Did you know that earmuffs were invented in Maine by Chester Greenwood in 1873? Learn more about the history of these “vintage toasters.”
By Jenn Johnson
Oct 17 2017
On the first Saturday in December in Farmington, Maine, no matter the weather, you’ll see earmuffs everywhere, snugged over the heads of residents young and old in this town of about 7,700. Forbearing pets will be wearing them, too—as will just about anything that can be fitted with a U-shaped band and two fluffy pads. Police cruisers and fire engines. The lawn sign for the senior citizens home. The high school football team’s state championship trophy.
All this, to honor a 15-year-old Farmington boy named Chester Greenwood who had very large, very sensitive ears, and—after a particularly painful afternoon spent skating on a local pond in 1873—decided to apply some Yankee ingenuity to the problem. A few twists of baling wire, some fabric pads sewn by his grandmother, and voilà: He had the proto-type for what he would patent four years later as “ear-mufflers” and ultimately brand as “Greenwood’s Champion Ear Protectors.”
Though others had patented ear warmers of varying practicality, young Chester’s design—with a spring steel headband holding the pads firmly against the ears—was the one that caught on. By 1883, his Farmington factory was making 50,000 pairs a year.

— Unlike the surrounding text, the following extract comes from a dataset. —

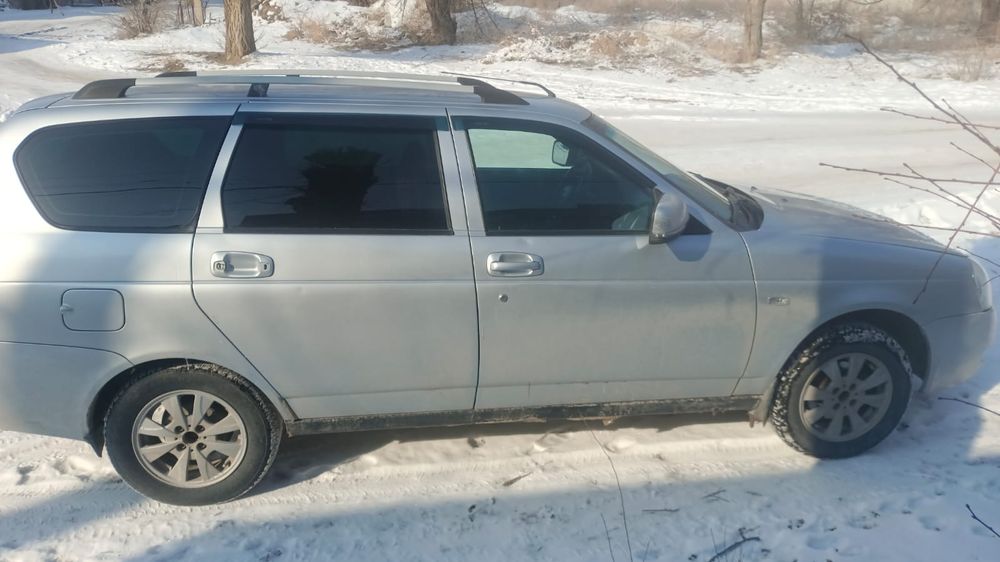 ВАЗ 2171 Лада Приора,универсал.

He would eventually supply them to World War I soldiers; in 1936, the factory, now employing nearly 100 residents, turned out some 400,000 earmuffs.
His empire did not long outlast him, after his death in 1937 at age 78. But in 1977 the state officially designated a day to commemorate his “inventive genius and native ability, which contributed much to the enjoyment of Maine’s winter season,” and which now, 40 years later, Farmingtonians celebrate to show that they will always have a warm spot for Chester Greenwood, forever their man of the ear.